Restoring Coastal Habitats for Resilient Coastal Economies Web Series – Part 1
Written by Jen Horton, NACo Program Manager.
The “Restoring Coastal Habitats for Resilient Coastal Economies” web series provides coastal county leaders and coastal managers with an overview of how environmental restoration initiatives can help strengthen the ongoing vitality of coastal economies. The four-part series will highlight examples from counties that are pursuing coastal restoration projects to:
- Promote storm and flood resiliency
- Protect healthy fisheries
- Support coastal tourism, and
- Create and retain coastal jobs.
Each blog post will provide case studies, resources and funding opportunities that relate to each topic area.
Today’s post explores how environmental restoration efforts can promote storm and flood resiliency.
Storms and flooding pose major risks to the economic health of coastal counties nationwide. Such risks make the pursuit of wetland restoration initiatives more than just an effort in environmental stewardship and preservation, but also an important long-term economic investment. A healthy coastal habitat provides the first line of defense to combat the effects of flooding, storms and wind. As a result, restoring and strengthening coastal habitats and wetlands presents a key investment to increase a county’s resiliency to storms and other extreme weather events.
Wetlands present a truly efficient means to increase an area’s resiliency, as an acre of wetland can absorb 1-1.5 million gallons of flood water. Knowing this, coastal county leaders and their partners are targeting wetland restoration efforts as a way to increase their overall resiliency to storm and flood events. Both Lee County, Florida and Jefferson Parish, Louisiana provide examples of how coastal counties can pursue wetland restoration efforts in an effort to mitigate storm and flood risks and promote overall coastal resilience.
The Sanibel Island Clam Bayou Restoration Project
The Sanibel-Captiva Conservation Foundation, City of Sanibel and Lee County, Florida pursued a restoration effort to promote storm and flood resiliency in the Clam Bayou, a 400-acre mangrove-lined area on Sanibel Island in southwest Florida. Due to recent dam impairments, Clam Bayou experienced the die-off of multiple fish, bird and vegetation habitats, seasonal flooding and water quality issues. As a way to address these issues, project organizers constructed a new channel to carry water to mitigate future flooding events and restore habitats for fish and native plants. Overall, the restoration effort helped to restore 1.26 acres of mangrove, sea grass and shellfish habits and 0.037 acres of oyster reef.
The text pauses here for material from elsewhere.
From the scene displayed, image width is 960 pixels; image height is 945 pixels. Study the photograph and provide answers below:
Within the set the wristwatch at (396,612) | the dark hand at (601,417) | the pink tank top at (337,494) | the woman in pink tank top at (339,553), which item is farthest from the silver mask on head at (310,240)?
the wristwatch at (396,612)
Additionally, project organizers believe that the restoration project increased community awareness of the importance and ecological value of marine habitats.
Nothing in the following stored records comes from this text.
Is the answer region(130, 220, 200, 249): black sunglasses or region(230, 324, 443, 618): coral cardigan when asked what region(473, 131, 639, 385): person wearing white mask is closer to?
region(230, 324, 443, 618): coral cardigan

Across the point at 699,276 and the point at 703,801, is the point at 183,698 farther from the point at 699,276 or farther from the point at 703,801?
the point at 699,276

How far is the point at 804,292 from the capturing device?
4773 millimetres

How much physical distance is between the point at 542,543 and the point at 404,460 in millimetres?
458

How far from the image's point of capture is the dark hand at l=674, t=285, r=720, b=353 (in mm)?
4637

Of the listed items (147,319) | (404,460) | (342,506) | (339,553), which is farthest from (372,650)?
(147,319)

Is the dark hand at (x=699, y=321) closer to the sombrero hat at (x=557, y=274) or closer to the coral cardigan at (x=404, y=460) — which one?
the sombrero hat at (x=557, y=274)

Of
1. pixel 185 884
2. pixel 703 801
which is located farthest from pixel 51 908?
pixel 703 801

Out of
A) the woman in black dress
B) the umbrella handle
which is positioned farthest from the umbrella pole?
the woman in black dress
This short video depicts volunteer shell bagging efforts in Clam Bayou on Sanibel Island, Florida.
Lee County staff and local school groups help with fossil shell bagging for oyster reef construction.
Bayou Segnette Cypress Planting Project
The Bayou Segnette Waterway in the Jean Lafitte National Historic Park.
In 2009, Jefferson
Parish, Louisiana (in partnership with the Coalition to Restore Coastal Louisiana and the Entergy
received a $23,800 Five Star and Urban Waters
from the EPA via NACo to re-establish the native cypress trees along the Bayou
Segnette Waterway south of New Orleans in the Jean Lafitte National Historic
Park. With support from over 150 local and national volunteers, the project
involved the strategic planting of more than 3,400 bald cypress trees along
32,000 feet of riparian buffer area. The cypress forest now provides habitat
for migratory birds and increased shelter for blue crabs, fish, amphibians and
reptiles. The new cypress plantings have
also improved water quality by decreasing erosion along the banks and helping to
capture sediment and organic material to build new soil. To this end, this
restoration project provided Jefferson Parish with a much-needed stronger and
more resilient barrier to floods and storms for the future.
Restoration Grant Opportunity
Counties can click here to apply for the next round of Five Star and Urban Waters Restoration Program funding, or contact Jen Horton (firstname.lastname@example.org) for more details.
Stay tuned for the second installment of the “Restoring Coastal Habitats for Resilient Coastal Economies” web series that will overview examples of restoration initiatives to Protect Healthy Fisheries.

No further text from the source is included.